Si la coccinelle asiatique ne cesse de gagner du terrain depuis son introduction, elle a été particulièrement abondante cet automne. Les températures douces des dernières semaines l’ont favorisée, mais surtout un surplus de sa nourriture favorite : le puceron du soya. « Plus la coccinelle a de nourriture, moins il y a de cannibalisme entre les larves, et meilleurs sont les taux de survie », explique Annie-Ève Gagnon, entomologiste au Centre de recherche sur les grains (CEROM). Faut-il s’en inquiéter ? « Nous, on l’adore, car elle permet de réduire l’utilisation d’insecticides, et j’aimerais que les gens en fassent autant pour cette raison », dit Annie-Ève Gagnon.

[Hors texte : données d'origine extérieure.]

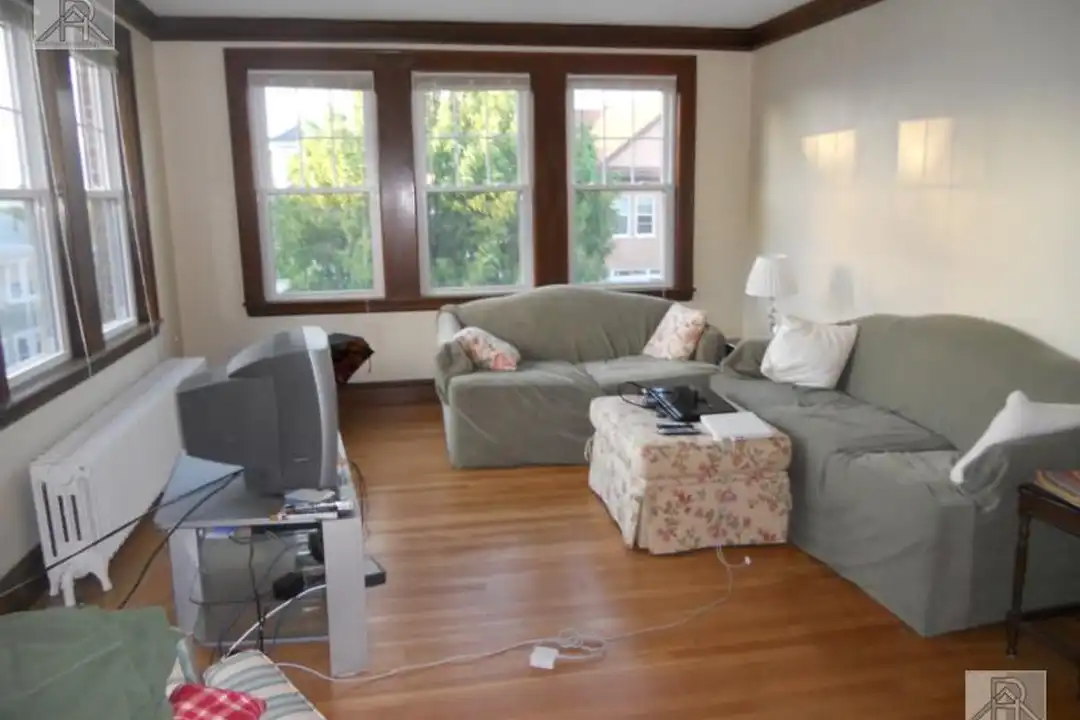 41 Blenford Rd - More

Cela dit, cette prolifération pourrait nuire aux espèces indigènes. « On ne l’a pas démontré au Québec, mais des études l’ont fait aux États-Unis, note Annie-Ève Gagnon. On peut craindre une perte de la biodiversité ici. »

D’AUTRES ESPÈCES À SUIVRE

Mauvaise nouvelle : après la coccinelle asiatique, voilà qu’une nouvelle espèce d’insecte non indigène prend l’habitude de se réfugier dans nos maisons l’hiver : la punaise occidentale des cônes, originaire de la côte Ouest. Bonne nouvelle : elle est nettement moins populeuse (on en retrouve rarement plus de deux ou trois par maison, note Marjolaine Giroux), elle ne pique pas et ne menace pas la santé des arbres (elle nuit toutefois aux producteurs de conifères puisqu’elle se nourrit de leurs semences). Les experts du CEROM surveillent aussi de près l’arrivée de la punaise marbrée, une espèce exotique envahissante potentiellement très nuisible pour les récoltes et qui passe aussi ses hivers dans les maisons. « Nos projections nous indiquent qu’elle pourrait très bien s’adapter ici », prévient Annie-Ève Gagnon.

Dans le doute, notez que l’Insectarium de Montréal offre un service gratuit d’identification des espèces.